Another interesting basis for comparison is the source of the information that is used to perform the translation. In CL-LSI this information is extracted automatically from documents which are aligned only at the document (or passage) level. Because the individual components of the CL-LSI translation matrix lack any understandable individual interpretation, human assistance with the construction of the CL-LSI translation matrix is precluded. The VT translation matrix, on the other hand, is constructed from bilingual document collections in which individual terms have been aligned. In addition to exploiting more fine-grained information, this approach gives the elements of the VT translation matrix a natural interpretation. Each is the probability that a specific English word will be translated to a specific Spanish word for documents in the domain of interest. Such information can be collected automatically from bilingual document collections, but it can also be constrained and corrected using additional information that is available from dictionaries. Since corpus-based and dictionary-based approaches introduce different types of errors, this joint construction approach could substantially improve filtering effectiveness.

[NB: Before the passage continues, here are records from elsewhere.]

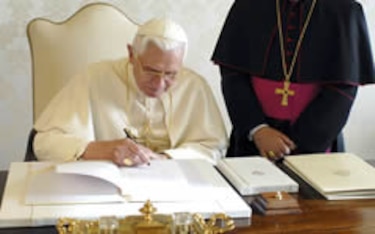 El papa advierte en su encíclica que la IA no es neutral y se concentra en pocas manos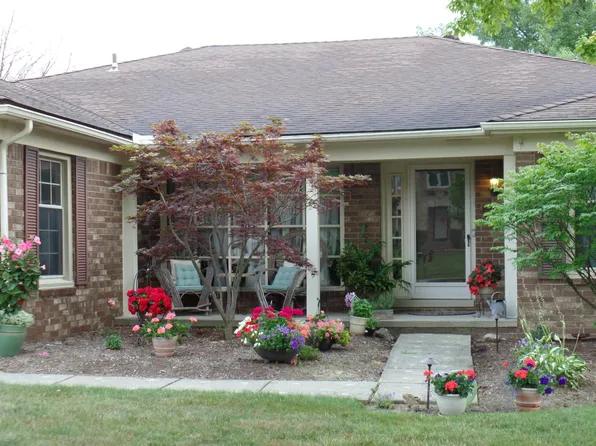 6698 Fulton Ct, Troy, MI 48098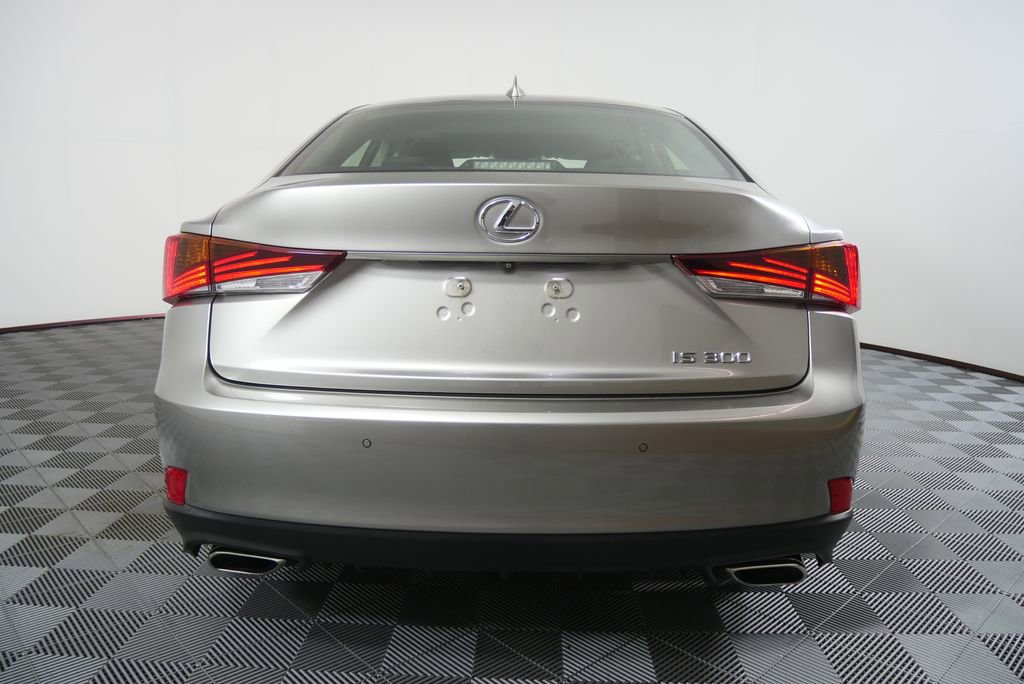 Used 2019 Lexus IS 300 w/ Navigation Package RWD image 4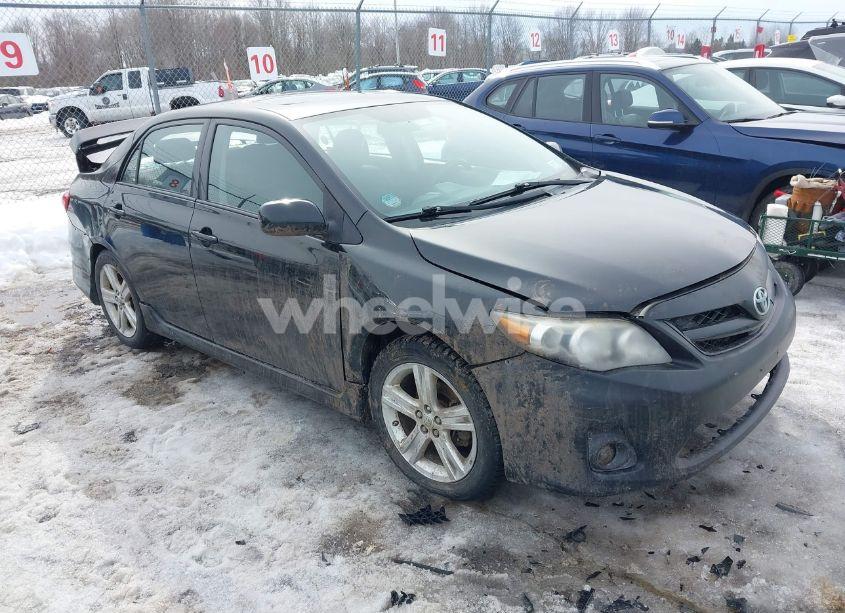 2013 Toyota Corolla S (VIN 2T1BU4EE4DC126463) main photo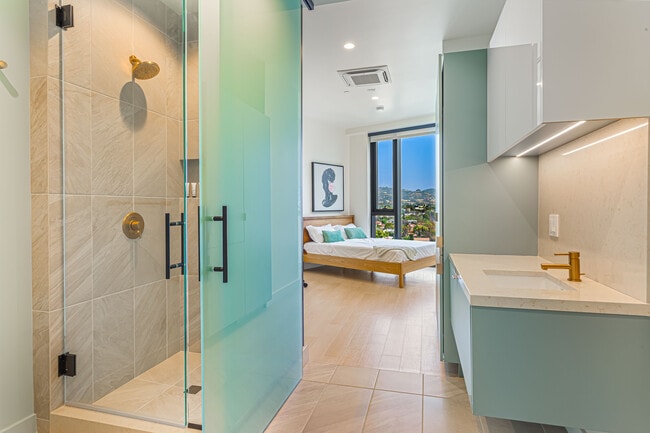 Photo - 6401 Wilshire Blvd Unit 605C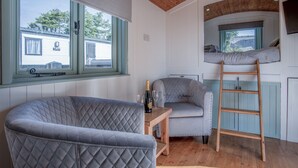 Småhus (1 Bedroom) | Oppholdsområde | En 32-tommers TV med digitale kanaler samt peis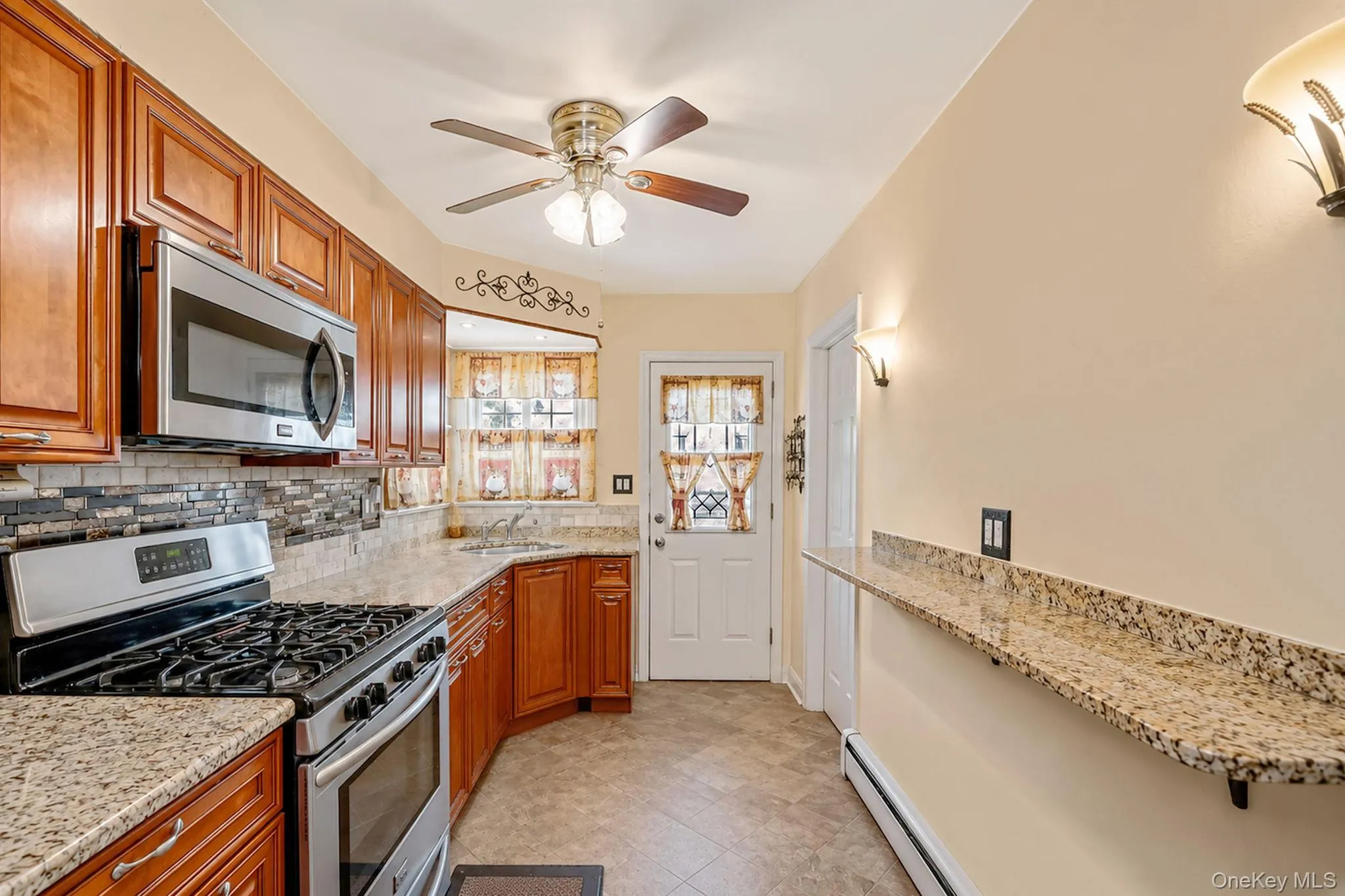 190 Bay Avenue, Brookhaven, NY, 3 Bedrooms Bedrooms, 6 Rooms Rooms,1 BathroomBathrooms,Residential,For Rent,Bay,0,1026822 190 Bay Avenue, Brookhaven, NY, 3 Bedrooms Bedrooms, 6 Rooms Rooms,1 BathroomBathrooms,Residential,For Rent,Bay,0,1026822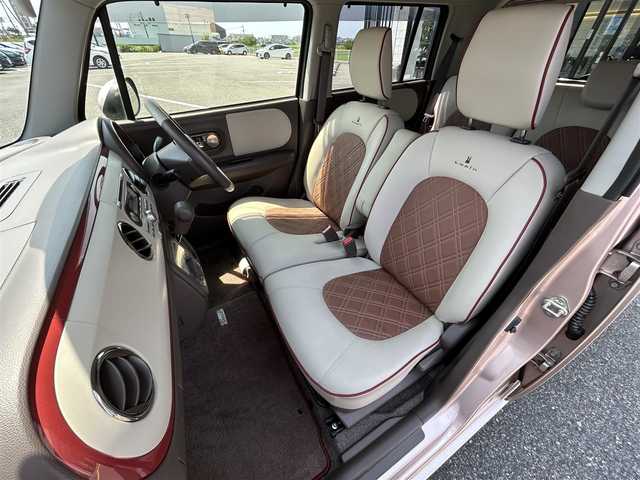 スズキ ラパン ショコラ X 鳥取県 2015(平27)年 6.6万km シャンパンピンクPM 純正ＣＤオーディオ/専用レザーシート/専用革巻きハンドル/キセノンライト/プッシュスタート/純正アルミホイール/プッシュスタート/アイドリングストップ/ウィンカーミラー/電動格納ミラー/オートライト/ドアバイザー/フロアマット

We have also presented an evaluation methodology that can be used to gain insight into the performance of adaptive multilingual text filtering techniques using existing document collections. Since the domain shift effect we have described is inherent in any corpus-based technique (unless precisely the right language training collections are available), the ability to characterize the magnitude of the domain shift effect that we have demonstrated will be important whenever dictionary-based and corpus-based techniques are being compared. The topic shift effect, on the other hand, is strictly an artifact of our experiment design, an effect which can be eliminated by investing in the construction of test collections tailored for evaluating the performance of adaptive multilingual text filtering techniques.
While it would be unreasonable to try to draw broadly applicable conclusions from the three aligned topic pairs that we had available, our results have demonstrated that adaptive multilingual text filtering techniques are presently available which perform well enough for some applications. As additional lessons from the growing body of cross-language text retrieval research are combined with further advances in corpus linguistics and improved test collections, the range of applications to which these techniques can be productively applied can be expected to expand significantly. There clearly is a need for adaptive multilingual text filtering techniques, and our work has led us to conclude that there are a number of promising avenues to be explored which offer the potential to satisfy that demand.